=== Section Start ===

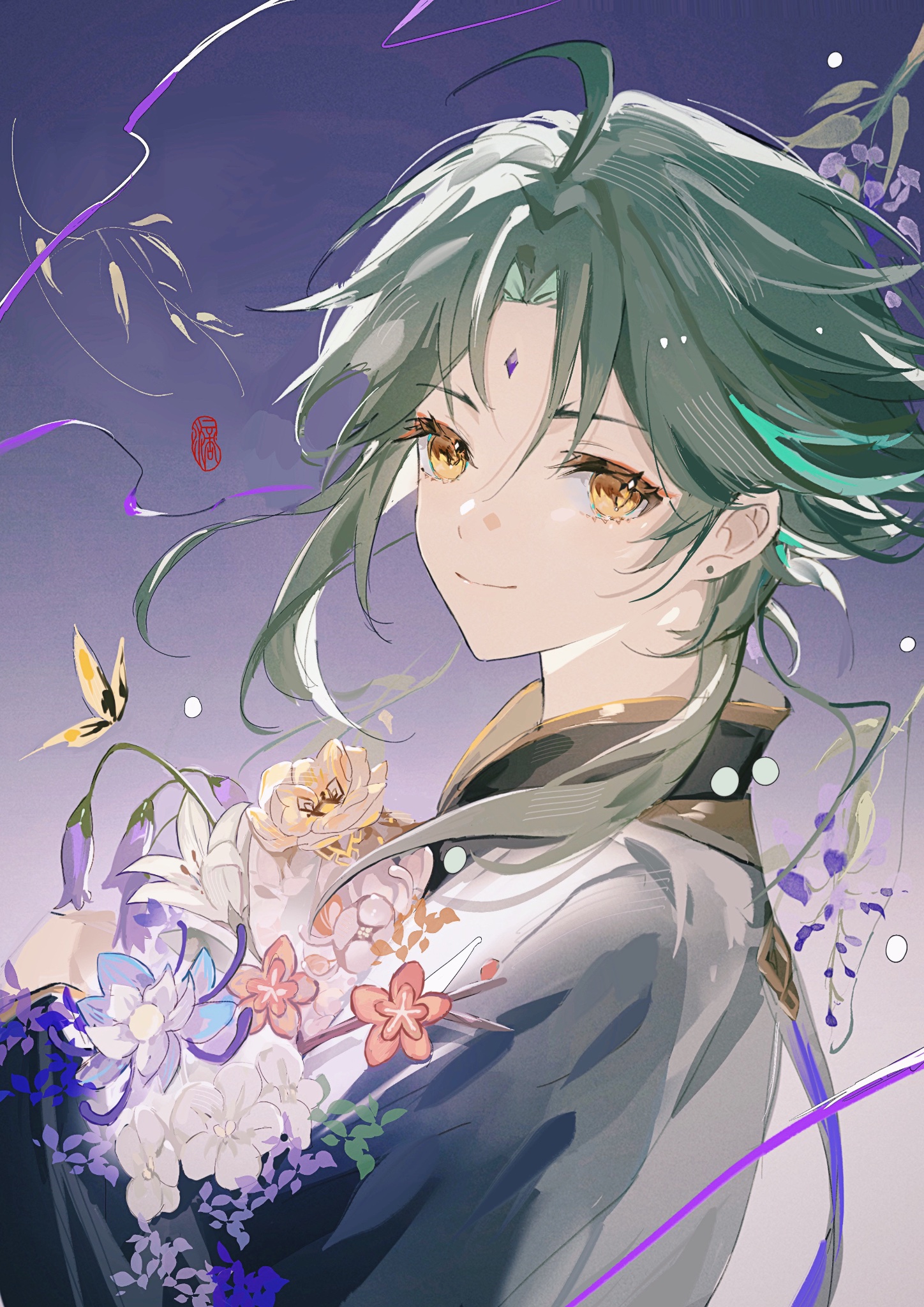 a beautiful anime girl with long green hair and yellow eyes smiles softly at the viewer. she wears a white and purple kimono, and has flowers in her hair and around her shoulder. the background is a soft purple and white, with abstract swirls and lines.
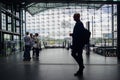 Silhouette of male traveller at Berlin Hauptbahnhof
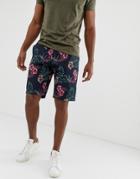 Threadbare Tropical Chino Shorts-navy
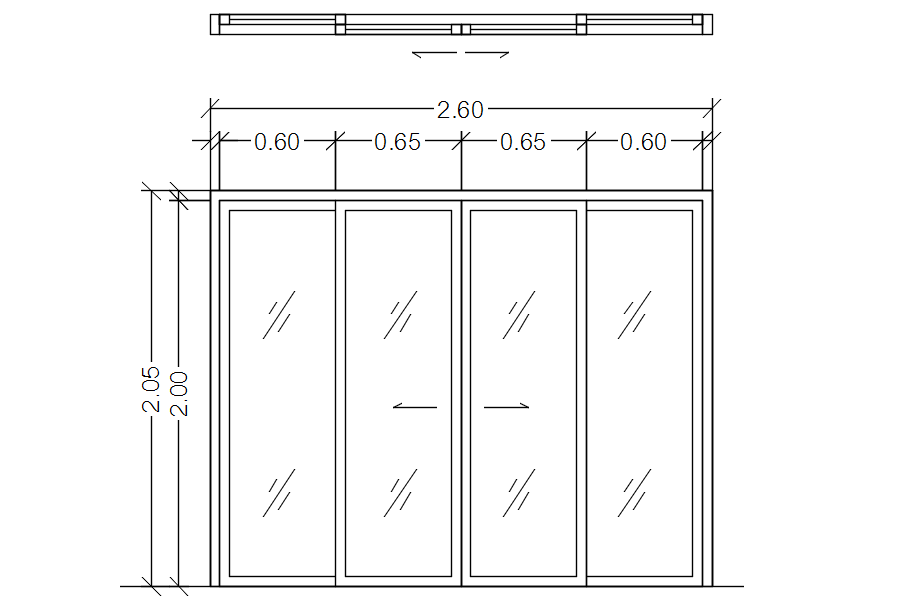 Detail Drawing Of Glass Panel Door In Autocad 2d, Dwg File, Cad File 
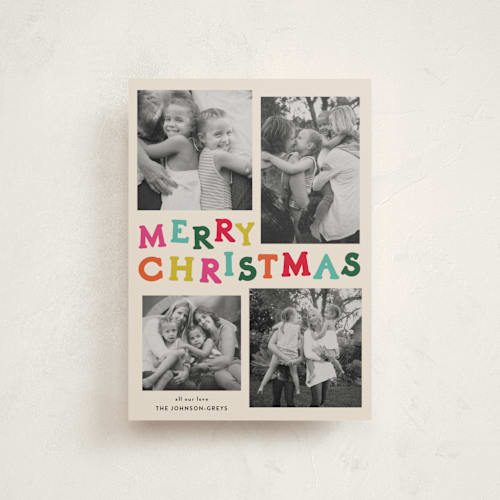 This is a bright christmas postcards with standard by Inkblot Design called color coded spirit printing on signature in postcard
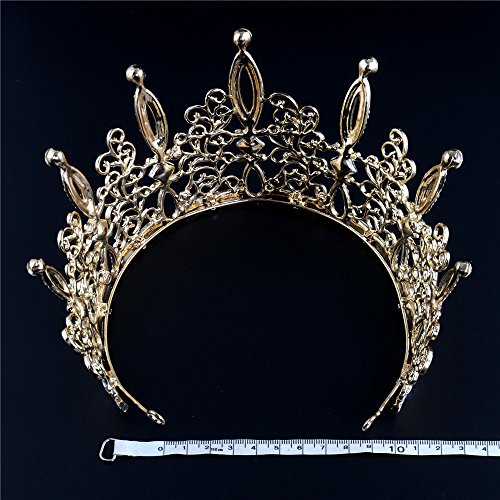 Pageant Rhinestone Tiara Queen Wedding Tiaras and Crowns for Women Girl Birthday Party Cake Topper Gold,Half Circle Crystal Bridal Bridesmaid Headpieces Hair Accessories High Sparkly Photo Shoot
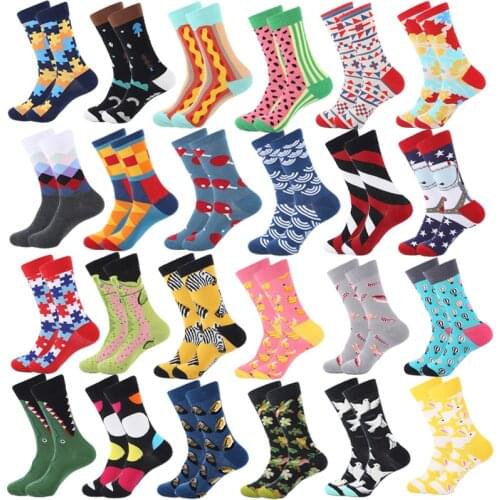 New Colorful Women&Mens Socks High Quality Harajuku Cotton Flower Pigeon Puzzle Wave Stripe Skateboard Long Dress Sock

=== Section End ===
=== Section Start ===

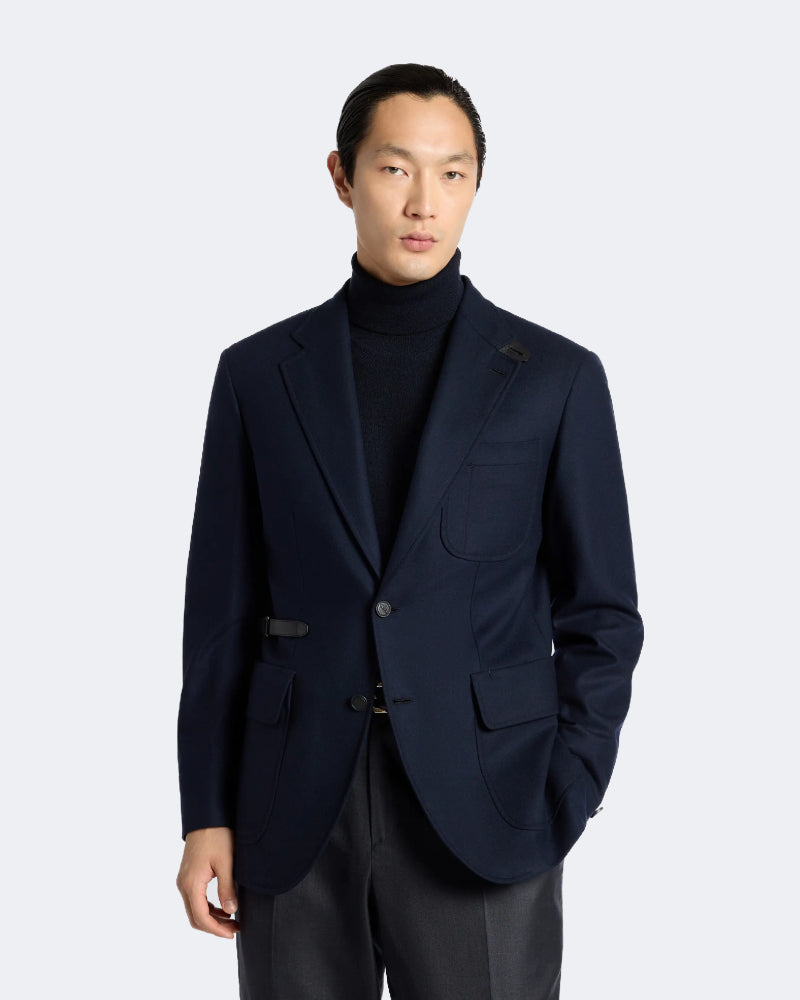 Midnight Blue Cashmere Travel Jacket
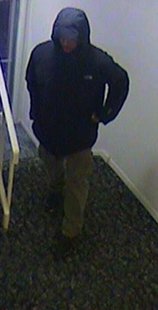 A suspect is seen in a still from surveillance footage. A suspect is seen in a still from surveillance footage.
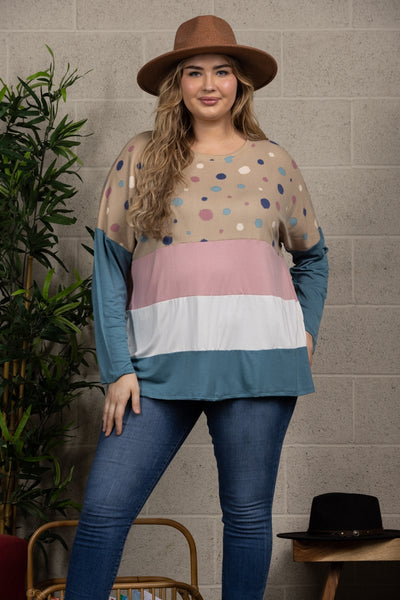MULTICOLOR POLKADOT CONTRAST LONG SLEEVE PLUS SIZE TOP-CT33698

=== Section End ===

Quote the data above exactly from the line with "a beautiful anime" to the line with "Threadbare Tropical Chino Shorts-navy", both ends counted, and nothing else. Pictures don't go in.

 a beautiful anime girl with long green hair and yellow eyes smiles softly at the viewer. she wears a white and purple kimono, and has flowers in her hair and around her shoulder. the background is a soft purple and white, with abstract swirls and lines.
 Silhouette of male traveller at Berlin Hauptbahnhof
 Threadbare Tropical Chino Shorts-navy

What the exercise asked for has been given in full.